Even as it announced a compensation policy for tree-fall victims, the Brihanmumbai Municipal Corporation (BMC) has started cracking down on owners of private premises that have dangerously overgrown trees.
In the past week, the BMC has surveyed and sent notices to 300-odd private properties, ordering them to prune their trees immediately.
Following the spate of branch and tree collapse incidents this monsoon, which have grievously injured two Mumbaiites and killed two others, the municipal corporation has invoked a little-known Section 383 of the BMC Act, 1881, which allows
it to survey private premises and order owners to trim the trees.
“Once they get the notice, property owners should take appropriate action in 15 days or they will have to pay penalty,” said Chandrashekhar Rokade, deputy municipal commissioner (gardens).

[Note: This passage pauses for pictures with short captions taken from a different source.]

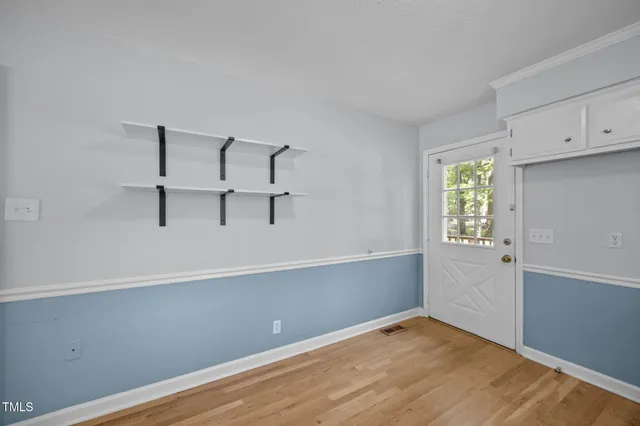 a view of an empty room with window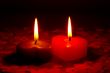 Two burning heart shaped candle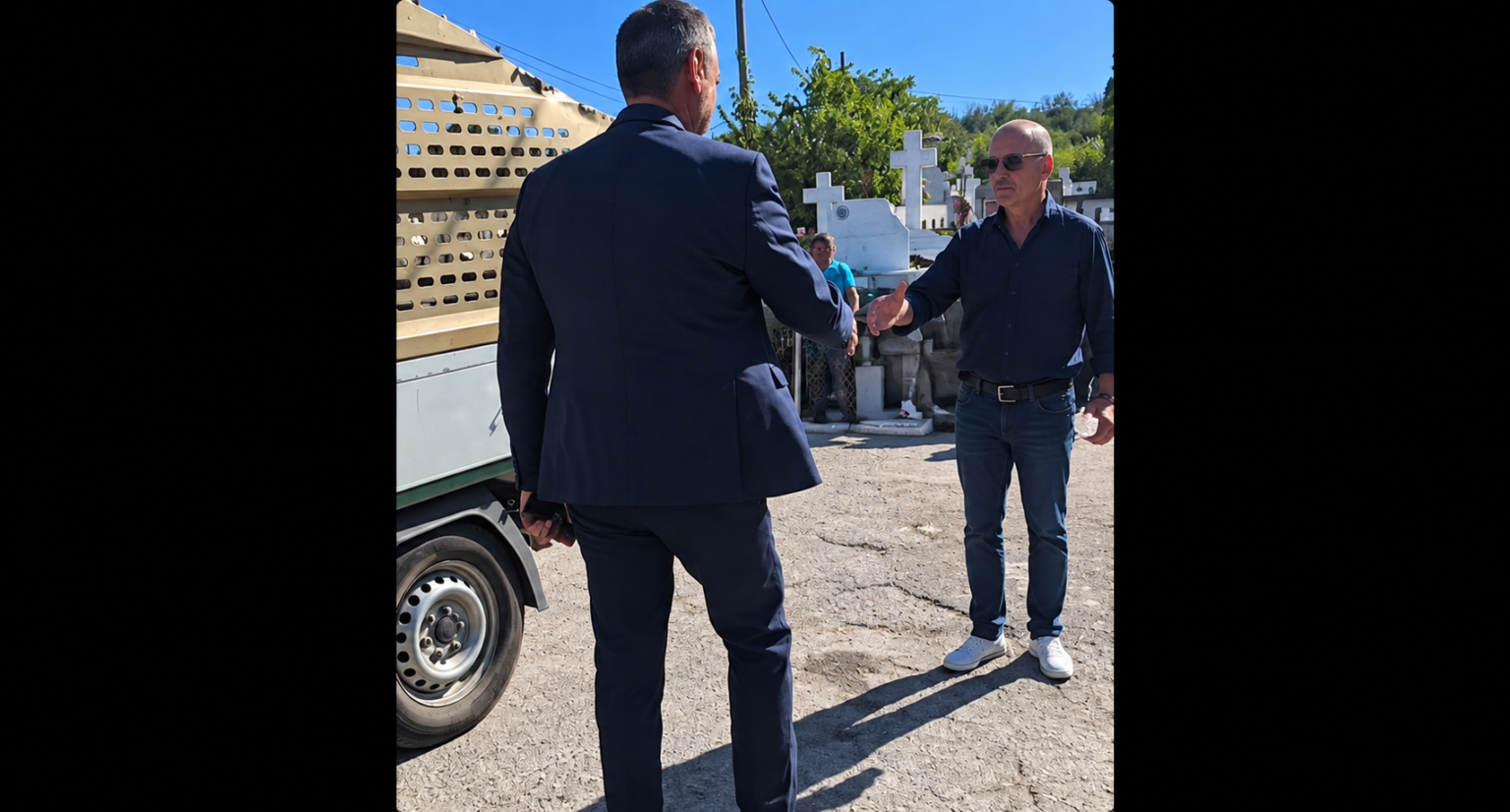 Two men shake hands beside a beige truck in a sunny cemetery with white crosses in the background, wearing smart and casual attire.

After the stipulated time frame, the civic body will trim the tree and recover the cost from the errant owner, who will also have to pay a fine of up to Rs 5,000.
“We will continue surveying premises,” said Rokade.

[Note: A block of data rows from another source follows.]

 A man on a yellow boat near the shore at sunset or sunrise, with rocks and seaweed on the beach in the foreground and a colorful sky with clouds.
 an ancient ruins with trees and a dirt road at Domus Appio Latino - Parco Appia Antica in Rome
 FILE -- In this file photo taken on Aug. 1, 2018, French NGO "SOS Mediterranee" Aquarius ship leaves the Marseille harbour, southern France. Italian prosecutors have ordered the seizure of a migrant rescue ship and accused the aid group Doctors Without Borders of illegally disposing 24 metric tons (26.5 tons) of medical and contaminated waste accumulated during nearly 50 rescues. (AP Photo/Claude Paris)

In the past two months, as reported in Hindustan Times, St Xavier’s College student Antara Telang (18) lost her right leg and Kandivli resident Tamanna Bhojani (30) fractured her backbone because of untrimmed trees on private properties.
Following these incidents and the death of two men —Mohammed Aslam Sheikh (45) and Rahim Shaikh (50) — in tree collapses, Mayor Shraddha Jadhav had ordered the BMC to prune trees throughout the year instead of just before the monsoon.